いや、待って。前世? 私に前世なんてないけど。何を考えているんだ。
「見て見て! これが今日の学園のトレンド! 『入学式』『新入生』『第三王子様激写』とか!」
「げ、激写……」
「そうそう! アーガム様、今日も学園に来てるんだよ! 入学式に出席されるんだって! 会えるかな、会えるかな!」
リリアは興奮して飛び跳ねている。
私は頭が痛くなってきた。
16歳の女の子って、こんなにハイテンションなのだろうか。私が16歳の頃は、もっと落ち着いて……いや、魔導書しか読んでなかったから比較対象にならないか。
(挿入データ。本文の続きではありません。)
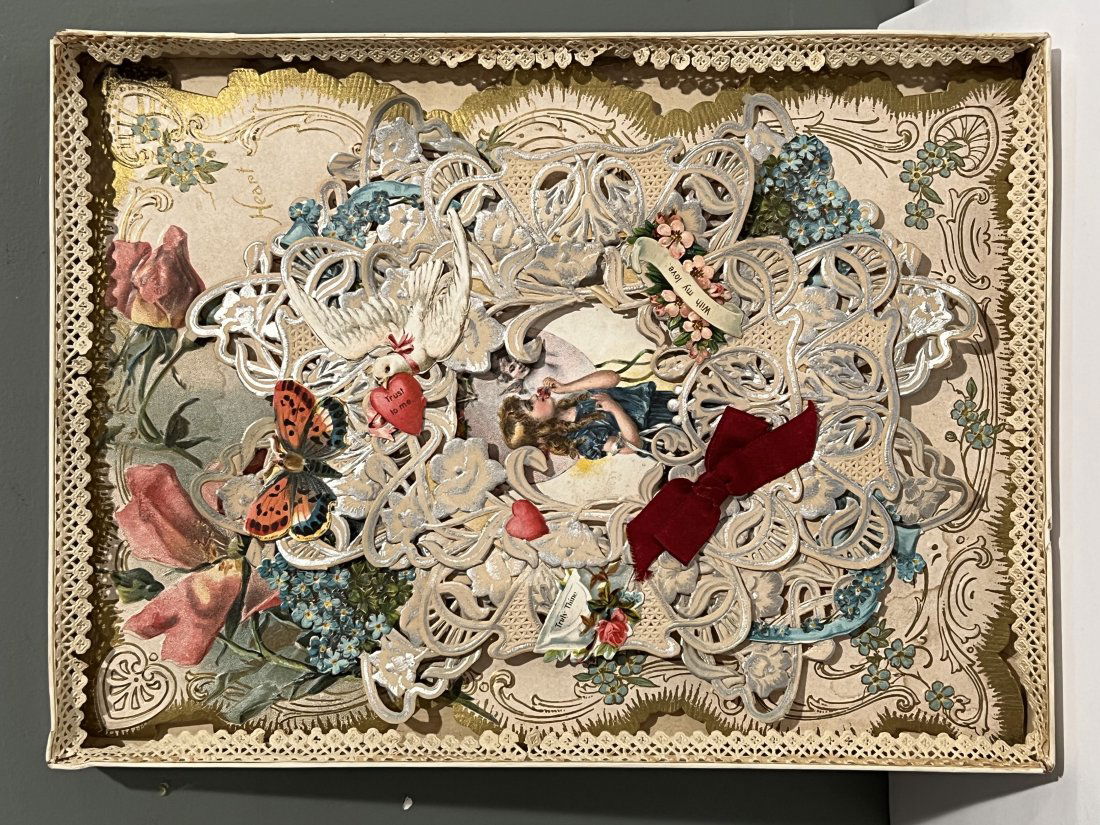 Victorian Paper Lace Card from 1919 in Original Box (1 of 9)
「ねえ、ネイサちゃんも魔導端末、買おうよ! 一緒に買いに行こう!」
「え、でも……」
「いいからいいから! 友達になったんだし!」
友達。
その言葉に、少しだけ心が温かくなった。
任務とはいえ、こうして普通の学生生活を送るのも……悪くないかもしれない。
「……分かりました。お願いします、リリアさん」
「リリアでいいよ! 敬語も使わなくていいから! 私たち、同い年でしょ?」
「あ……うん。じゃあ、リリア」
「そうそう、その調子! じゃあ、入学式の前に、学園を案内してあげる! ついてきて!」
リリアは私の手を引いて、部屋を飛び出した。
ランスは呆れたように首を傾げて、それから私の後を追ってきた。